C’est aussi une renaissance qui nous est proposée. D’ailleurs, regardez bien cette toile très claire où un homme en chapeau semble à peine esquissé. Regardez-le longuement, attentivement. Au début vous pensiez qu’il était en train de disparaître, les traits mangés par la lumière. En fait, il n’en n’est rien. L’homme au chapeau apparaît. Il se révèle comme dans un bain photographique et voilà qu’à son tour, c’est lui qui vous regarde, vous scrute, vous détaille avec tant d’insistance qu’il doit sans aucun doute…vous connaître.
Philippe Bréson
Dans les années 1990, Lucas Weinachter (né en Lorraine en 1955) inaugure une carrière soutenue et encouragée par Louis Pons, dans l’art singulier des « reliquaires », assemblages de végétaux, d’objets hétéroclites ou organiques, de vieux papiers, d’ossements combinés sous globes de verre. Les objets trouvés au fil des années pour composer ses boîtes fantastiques, en volume, ont simultanément nourri les dessins et la peinture.
Il isole au fil du temps les objets destinés aux assemblages et commence à les déformer selon le principe de l’anamorphose, flirtant ainsi avec l’abstraction. Lorsque l’aventure des boîtes s’épuise à Paris, à la fin des années 1990, la peinture a déjà réinvesti l’atelier parisien de l’artiste. De la densité décorative des assemblages, à la morbidité esthétisante, qui fonctionnent comme des mises en scènes théâtrales, l’œuvre de Lucas bascule pour imager le silence et le vide à travers la « brutalité » d’une image simple et sans détour.

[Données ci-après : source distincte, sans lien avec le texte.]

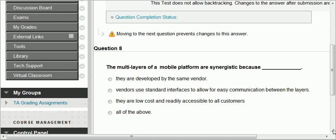Question eight: the multi-layers of a mobile platform are synergistic because they are developed by the same vendor — no. In the presentation, several vendors were mentioned but they follow standard interfaces. So you are able to have synergy between the layers because vendors use standard interfaces to allow for easy communication. That's the right one.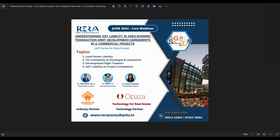Our third speaker is Ashika Madam, Senior Manager in the GST Department at Venu and Vinay Chartered Accountants. Having qualified as a Chartered Accountant in 2013, she has dedicated her professional journey to indirect taxation, with comprehensive exposure to GST — including taxability examination, compliance verification, adjudication, appeals, and representation at all levels. Today from these three experts, we'll learn about landowner liability, ITC availability to developer and landowner, development right taxation, and GST liability on project completion.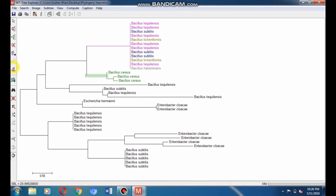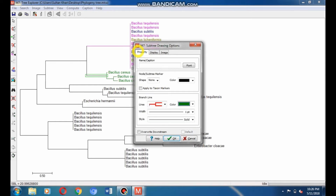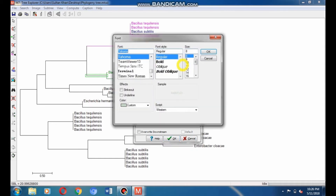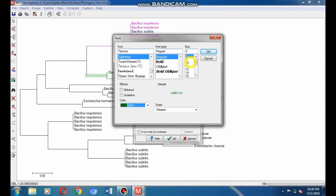Select Display Caption and Bracket to allow them to display. Select the bracket style — either square or line style. Go to Caption and type a caption such as 'cereus'. You can give a color to the caption. I give it green color — go to Font, select the font color, give green color to the caption, and change the font size of the caption. Click OK to apply all the changes. Here you can see the green color cereus clade.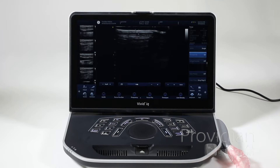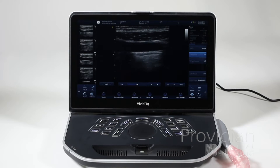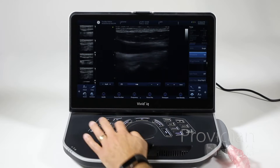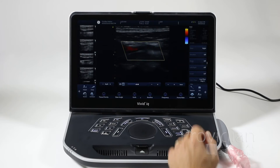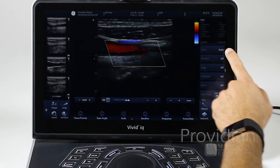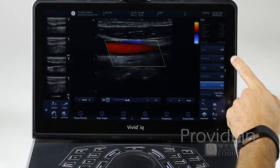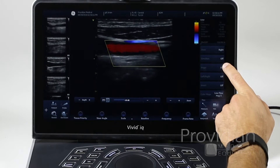For color and PW Doppler, there's quite a bit that can be done here. Let's start off with some color imaging. You can press the color button and you get your box. Here you have a whole new slew of things you can change to steer left, right, and off.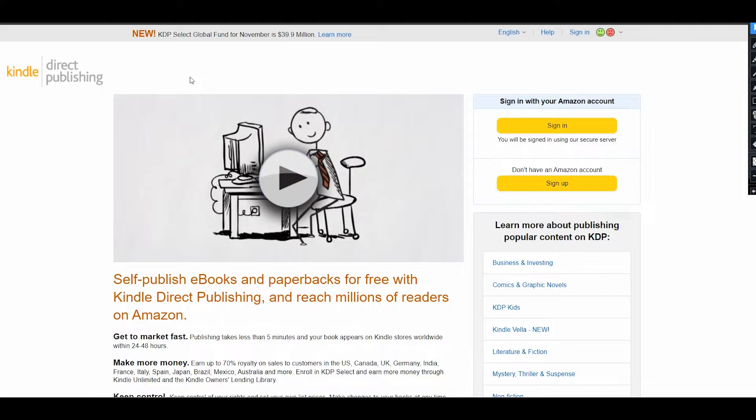In this video, I will show how to register on KDP so you can start uploading your books on this platform and what you need to do for that.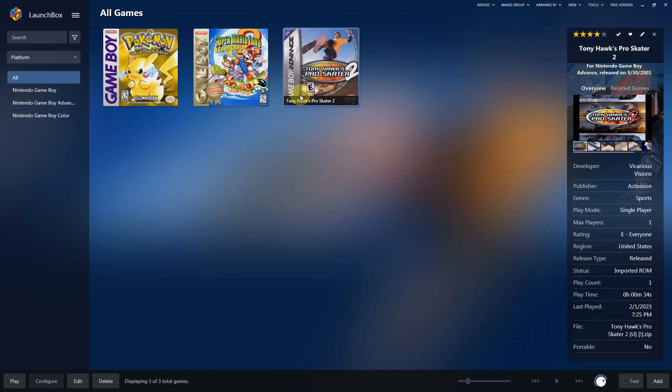And now you have successfully set up, configured, and installed the Game Boy, Game Boy Color, and Game Boy Advance emulator Visual Boy Advance on Launchbox. Thank you everyone for watching.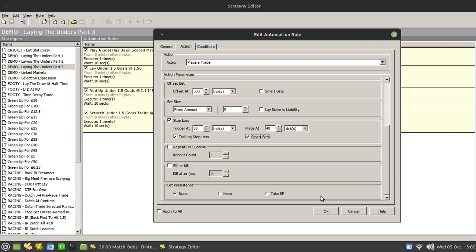So again, what you may have to think about doing is checking where your stop loss winds up after a goal is scored and essentially deleting it and putting in another one manually. So although you can use this mechanism, there's other things that you need to consider and other things that you would need to do.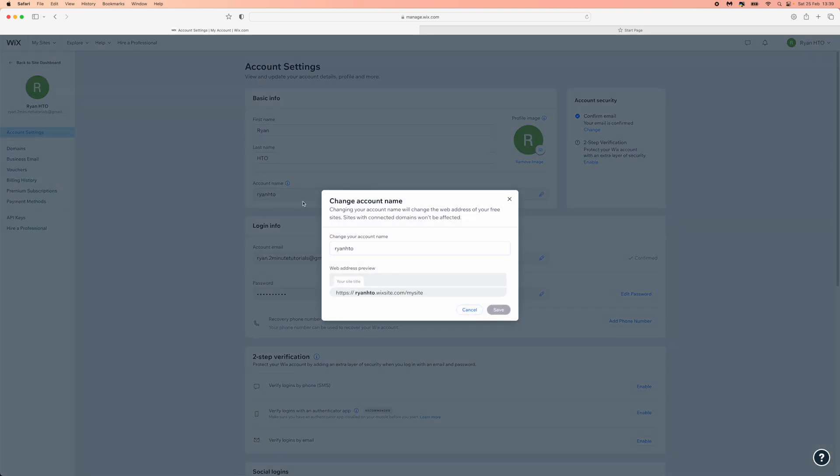and it will bring up this pop-up. If you want to change your site title domain name right here, mine is ryanhto.wixsite.com.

Les « Mélancolies » d’aujourd’hui, profils d’hommes et de femmes sur grands formats, dessinés à la mine de carbone et à la mine de plomb sur toile, rehaussés d’acrylique, succèdent à toute une série de natures mortes et de paysages, représentés par la galerie Felli depuis 2004. Ils mettent l’accent sur le visage, une nuque, de corps anonymes photographiés autrefois au profit de l’étude et de la recherche scientifique.
Les visages de la série ont été inspirés par une série de photographies anthropométriques. Lucas Weinachter précise qu’il puise depuis toujours son inspiration dans toute une série de documents qui datent des débuts de la photographie. En 1980, Lucas intègre l’école des Beaux-Arts de Paris, où il étudie l’architecture jusqu’en 1982. Cette orientation qui est un « choix dirigé » l’éloigne à peine de ses premiers penchants, puisque – peintre et dessinateur d’origine – il prend simultanément des cours de peinture à l’atelier de Vladimir Velickovik et éprouve la nécessité d’étudier l’anatomie : « Après avoir travaillé sur le corps et l’anatomie, il était normal que le visage m’intrigue » annonce Lucas Weinachter, comme pour justifier la présence des « Mélancolies » récentes dans son parcours.
Comparant ses « anthropomorphies » à des corps « inertes », ou plutôt immobiles, semblables aux moulages du XIXe siècle, il leur redonne aujourd’hui un visage, visage avant tout sélectionné pour ses particularités physiques : « Comme pour le corps, je ne suis pas à la recherche d’un esthétisme de pose, mais davantage de curiosités, de particularités dans un visage. » L’être humain appréhendé comme une « curiosité », Weinachter s’en est servi pour fixer sur la toile, la perte voire l’absence d’une identité qu’il questionne. Sans nostalgie, sans peine et sans regret, il réintroduit la mélancolie dans son antique définition : « Aujourd’hui on ne veut plus regarder la mélancolie (…) On l’associe hâtivement à la tristesse pour s’en débarrasser au plus vite (…) J’aime la définition de la mélancolie dans la pensée antique : elle signifiait un état qui permettait de vivre, de se dépasser, de chercher un sens à sa vie ce que nous faisons tous. »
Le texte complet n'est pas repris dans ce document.